--- Records supplied Enclosed Below ---

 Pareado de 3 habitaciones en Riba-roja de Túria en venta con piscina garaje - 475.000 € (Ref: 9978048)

--- End of Enclosed Records supplied ---
--- Records supplied Enclosed Below ---

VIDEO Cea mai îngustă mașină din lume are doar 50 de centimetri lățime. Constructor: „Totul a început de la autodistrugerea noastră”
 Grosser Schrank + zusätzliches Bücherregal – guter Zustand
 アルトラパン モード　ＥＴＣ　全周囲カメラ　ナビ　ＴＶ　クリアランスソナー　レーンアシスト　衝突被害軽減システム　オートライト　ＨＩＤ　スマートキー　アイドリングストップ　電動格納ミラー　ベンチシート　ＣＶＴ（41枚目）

--- End of Enclosed Records supplied ---

Return, word for word, the lines of the data above from the line with "VIDEO Cea mai" through the line with "アルトラパン モード　ＥＴＣ", inclusive.

_Task answer:_
VIDEO Cea mai îngustă mașină din lume are doar 50 de centimetri lățime. Constructor: „Totul a început de la autodistrugerea noastră”
 Grosser Schrank + zusätzliches Bücherregal – guter Zustand
 アルトラパン モード　ＥＴＣ　全周囲カメラ　ナビ　ＴＶ　クリアランスソナー　レーンアシスト　衝突被害軽減システム　オートライト　ＨＩＤ　スマートキー　アイドリングストップ　電動格納ミラー　ベンチシート　ＣＶＴ（41枚目）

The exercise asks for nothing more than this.